■ THE PROBLEM ■
The whole listing below should be printed again exactly, with no images.

■ DATA EXCERPT ■
BEGIN
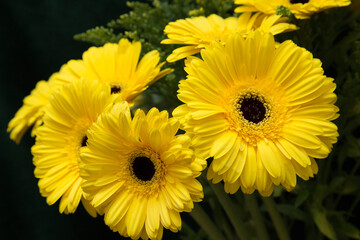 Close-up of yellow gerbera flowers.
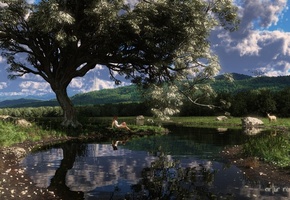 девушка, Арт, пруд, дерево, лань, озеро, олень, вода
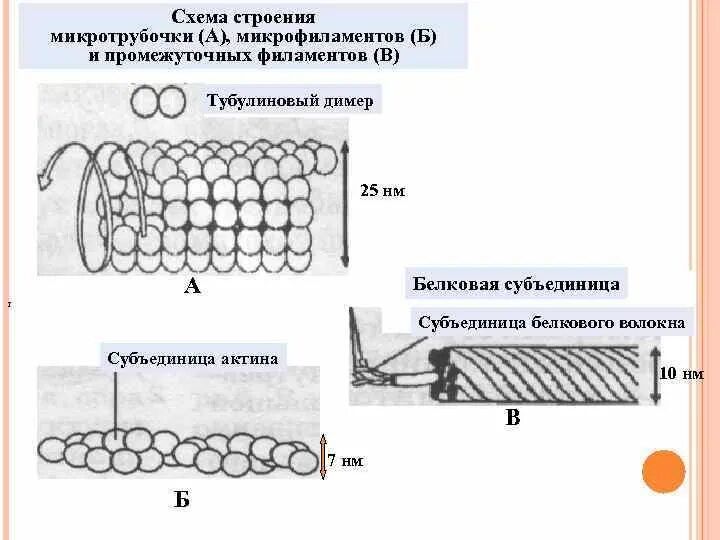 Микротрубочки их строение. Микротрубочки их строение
END
■ WRITTEN SOLUTION ■
 Close-up of yellow gerbera flowers.
 девушка, Арт, пруд, дерево, лань, озеро, олень, вода
 Микротрубочки их строение. Микротрубочки их строение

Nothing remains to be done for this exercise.